Em mais de 100 anos como veículo de comunicação de massa, a utilização dos quadrinhos para fins educativos é impressionante. Por todo o mundo autores valeram-se deles para influenciar os costumes e como instrumento de protesto e resistência à colonização cultural.
No entanto, durante um tempo igualmente longo eles foram (e ainda são) usados como instrumento de manipulação ideológica, de um discurso imperialista, consumista, sexista e racista. Assim, não basta pensar que a leitura de qualquer história em quadrinhos é positiva, simplesmente pelas possibilidades de sua utilização em muitas das disciplinas escolares.
O fundamental é o conteúdo e, sobretudo, a hq é um ponto de partida, e não de chegada.
São poucos os educadores que têm consciência das reais possibilidades e da importância dos quadrinhos para a transformação do indivíduo em estação repetidora de um sistema suicida ou em cidadão e sujeito de sua própria vida. Em uma pesquisa recente, constatou-se que as hqs são a segunda leitura mais freqüente entre os homens e a terceira entre as mulheres, perdendo apenas para textos religiosos e culinária!
O paralelo com os textos religiosos não é tão estranho quanto parece, visto que depois dos sonhos as hqs são a experiência que mais se aproxima dos mitos que durante milênios moldaram a consciência da humanidade.
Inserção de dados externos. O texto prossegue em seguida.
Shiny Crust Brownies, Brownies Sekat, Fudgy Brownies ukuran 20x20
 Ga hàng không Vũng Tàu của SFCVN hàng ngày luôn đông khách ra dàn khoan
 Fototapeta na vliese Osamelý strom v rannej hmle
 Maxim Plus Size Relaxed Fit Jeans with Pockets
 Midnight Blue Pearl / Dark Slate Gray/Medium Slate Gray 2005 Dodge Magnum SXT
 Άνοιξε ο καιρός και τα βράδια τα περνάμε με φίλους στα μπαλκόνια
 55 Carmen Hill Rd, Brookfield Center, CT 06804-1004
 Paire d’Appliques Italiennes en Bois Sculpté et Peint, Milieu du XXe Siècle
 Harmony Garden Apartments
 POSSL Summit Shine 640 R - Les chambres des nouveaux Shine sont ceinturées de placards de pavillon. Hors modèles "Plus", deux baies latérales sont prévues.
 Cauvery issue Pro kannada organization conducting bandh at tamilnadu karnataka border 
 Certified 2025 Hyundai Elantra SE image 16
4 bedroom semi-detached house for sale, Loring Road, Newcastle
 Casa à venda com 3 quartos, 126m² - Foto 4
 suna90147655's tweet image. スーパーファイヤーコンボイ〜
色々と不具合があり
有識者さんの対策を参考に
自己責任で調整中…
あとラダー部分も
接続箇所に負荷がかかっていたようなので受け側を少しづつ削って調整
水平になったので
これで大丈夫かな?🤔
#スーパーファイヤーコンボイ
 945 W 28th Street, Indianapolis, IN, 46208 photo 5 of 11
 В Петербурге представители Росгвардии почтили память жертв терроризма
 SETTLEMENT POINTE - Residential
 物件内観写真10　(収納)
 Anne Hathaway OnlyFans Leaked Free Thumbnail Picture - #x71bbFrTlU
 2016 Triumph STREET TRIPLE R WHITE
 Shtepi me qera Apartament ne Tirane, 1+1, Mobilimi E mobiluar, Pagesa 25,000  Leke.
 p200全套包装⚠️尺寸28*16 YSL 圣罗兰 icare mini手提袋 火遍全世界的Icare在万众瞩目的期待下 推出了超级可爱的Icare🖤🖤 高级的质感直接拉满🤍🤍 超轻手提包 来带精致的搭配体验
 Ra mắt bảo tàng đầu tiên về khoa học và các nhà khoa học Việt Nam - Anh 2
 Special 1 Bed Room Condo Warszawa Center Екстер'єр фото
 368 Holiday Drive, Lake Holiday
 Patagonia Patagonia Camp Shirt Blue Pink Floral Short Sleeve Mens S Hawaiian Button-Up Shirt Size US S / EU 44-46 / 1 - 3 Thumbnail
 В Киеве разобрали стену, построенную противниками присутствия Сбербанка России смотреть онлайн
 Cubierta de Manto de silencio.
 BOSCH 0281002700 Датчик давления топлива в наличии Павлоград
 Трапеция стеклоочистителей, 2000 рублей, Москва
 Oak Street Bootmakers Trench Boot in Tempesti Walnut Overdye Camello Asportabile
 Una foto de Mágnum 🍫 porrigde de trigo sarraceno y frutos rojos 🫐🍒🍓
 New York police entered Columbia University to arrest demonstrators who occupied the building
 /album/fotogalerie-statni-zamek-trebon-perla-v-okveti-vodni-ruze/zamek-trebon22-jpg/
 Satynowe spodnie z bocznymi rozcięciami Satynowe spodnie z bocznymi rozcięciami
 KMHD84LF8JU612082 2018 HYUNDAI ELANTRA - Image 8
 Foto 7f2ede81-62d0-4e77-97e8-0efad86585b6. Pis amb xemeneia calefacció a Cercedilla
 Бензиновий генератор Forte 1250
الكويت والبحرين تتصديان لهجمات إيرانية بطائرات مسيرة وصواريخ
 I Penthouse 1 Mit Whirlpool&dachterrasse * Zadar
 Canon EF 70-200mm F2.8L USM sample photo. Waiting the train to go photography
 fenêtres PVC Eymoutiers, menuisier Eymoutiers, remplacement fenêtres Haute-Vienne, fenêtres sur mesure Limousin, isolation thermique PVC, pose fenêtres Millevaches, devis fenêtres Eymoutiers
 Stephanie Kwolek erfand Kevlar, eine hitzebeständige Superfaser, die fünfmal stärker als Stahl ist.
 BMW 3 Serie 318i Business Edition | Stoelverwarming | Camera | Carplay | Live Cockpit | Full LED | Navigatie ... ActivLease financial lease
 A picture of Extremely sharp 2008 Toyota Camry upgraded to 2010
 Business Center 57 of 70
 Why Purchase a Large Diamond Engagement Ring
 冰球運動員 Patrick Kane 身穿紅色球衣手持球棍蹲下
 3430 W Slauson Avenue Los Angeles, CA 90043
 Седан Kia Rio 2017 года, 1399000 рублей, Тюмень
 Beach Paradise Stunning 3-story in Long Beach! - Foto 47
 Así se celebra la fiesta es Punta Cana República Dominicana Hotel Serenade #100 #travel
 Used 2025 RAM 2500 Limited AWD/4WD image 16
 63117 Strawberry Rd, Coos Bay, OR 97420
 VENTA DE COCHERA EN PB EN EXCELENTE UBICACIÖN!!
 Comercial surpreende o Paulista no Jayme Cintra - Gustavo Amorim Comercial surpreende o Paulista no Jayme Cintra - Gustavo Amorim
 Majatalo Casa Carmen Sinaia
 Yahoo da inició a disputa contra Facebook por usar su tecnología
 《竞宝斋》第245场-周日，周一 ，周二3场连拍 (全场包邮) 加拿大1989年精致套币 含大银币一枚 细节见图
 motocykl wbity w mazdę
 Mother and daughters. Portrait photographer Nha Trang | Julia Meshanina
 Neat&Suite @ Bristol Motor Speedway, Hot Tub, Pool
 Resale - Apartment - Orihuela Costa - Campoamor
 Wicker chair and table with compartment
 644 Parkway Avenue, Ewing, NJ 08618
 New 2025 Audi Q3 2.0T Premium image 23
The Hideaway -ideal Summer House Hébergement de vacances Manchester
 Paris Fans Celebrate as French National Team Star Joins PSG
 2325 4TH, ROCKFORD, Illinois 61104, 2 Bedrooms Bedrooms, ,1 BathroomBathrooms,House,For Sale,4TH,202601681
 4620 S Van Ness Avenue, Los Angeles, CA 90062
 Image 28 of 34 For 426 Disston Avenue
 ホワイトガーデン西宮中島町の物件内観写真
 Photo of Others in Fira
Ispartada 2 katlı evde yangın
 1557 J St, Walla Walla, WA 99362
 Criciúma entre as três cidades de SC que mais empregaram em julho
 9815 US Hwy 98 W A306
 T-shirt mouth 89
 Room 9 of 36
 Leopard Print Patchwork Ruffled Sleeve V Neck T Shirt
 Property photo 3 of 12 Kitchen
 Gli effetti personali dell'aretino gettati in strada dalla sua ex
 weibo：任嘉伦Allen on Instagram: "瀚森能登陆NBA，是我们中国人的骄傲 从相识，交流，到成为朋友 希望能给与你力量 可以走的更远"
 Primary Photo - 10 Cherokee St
E é justamente esta relação que explica, em parte, a violência presente em alguns quadrinhos e que torna tão avassaladoras histórias como Pokémons ou Dragon Ball.
Em todos estes anos de contato com os quadrinistas, sejam eles meus alunos ou não, pude observar a profunda afeição e o valor dado por eles aos quadrinhos, bem como o poder de transformação desta relação que no entanto não deve ser vista como uma brincadeira inofensiva.
É o que nos adverte o psicanalista Carl G. Jung, considerado um dos pais da psicanálise, ele afirmava que o nosso inconsciente se comunica conosco através de símbolos imutáveis chamados arquétipos que revelariam de forma cifrada, aspectos de nossa totalidade que estariam sendo negligenciados pelo nosso consciente.
Esta negligência seria a responsável por todos os distúrbios psíquicos e consequentemente, por boa parte dos problemas da humanidade.
Nas palestras e cursos que tenho ministrado para educadores e psicólogos, venho insistindo na urgência de um aprofundamento no universo dos arquétipos, do uso das hqs como ferramenta para se formar a identidade do indivíduo e na necessidade de reformular o próprio método e os objetivos escolares. É um trabalho árduo, mas que tem gerado frutos que a cada dia reafirmam estas certezas que me acompanham à muito tempo, desde uma época onde os heróis realmente existiam e que eu, como tantos outros, acreditava ser um deles.
Erick Azevedo – quadrinista e professor de história em quadrinhos.